ACTIVITY: Print the entire listing below word for word, excluding its pictures.

INPUT DATA:

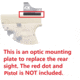 ADE Advanced Optics SAR ST9 Adapter Plate, JPoint, Shield RMSc,Vortex, Holosun, ADE, Black, HM26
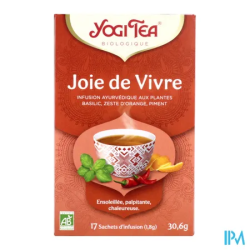 YOGI TEA JOIE DE VIVIRE SACH 17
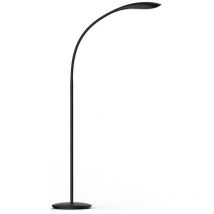 Lámpara de pie led Argento (12W) Negro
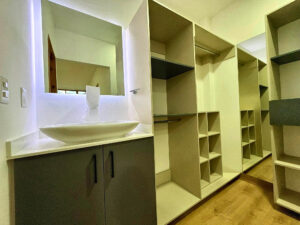 Vestidor en Finca Las Memorias, Atlixco, Puebla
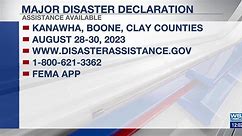 President Biden approves disaster declaration for West Virginia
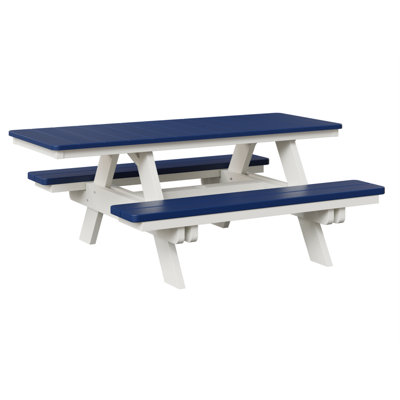 Berlin Gardens Ada Rectangular Picnic Table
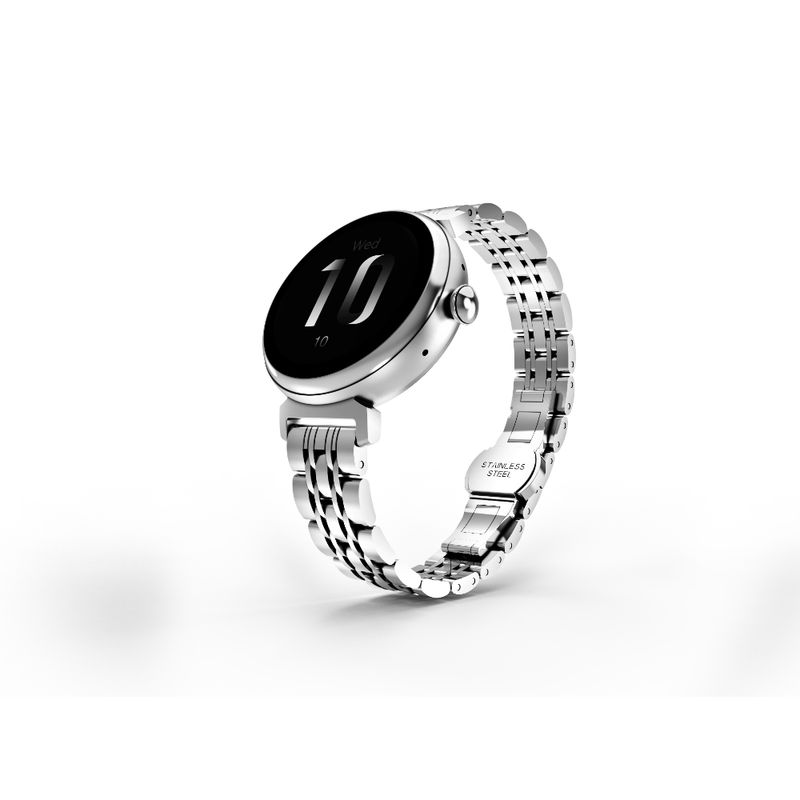 HIFUTURE-SMARTWATCH-AURA-PLATEADO-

WRITTEN ANSWER:
 ADE Advanced Optics SAR ST9 Adapter Plate, JPoint, Shield RMSc,Vortex, Holosun, ADE, Black, HM26
 YOGI TEA JOIE DE VIVIRE SACH 17
 Lámpara de pie led Argento (12W) Negro
 Vestidor en Finca Las Memorias, Atlixco, Puebla
 President Biden approves disaster declaration for West Virginia
 Berlin Gardens Ada Rectangular Picnic Table
 HIFUTURE-SMARTWATCH-AURA-PLATEADO-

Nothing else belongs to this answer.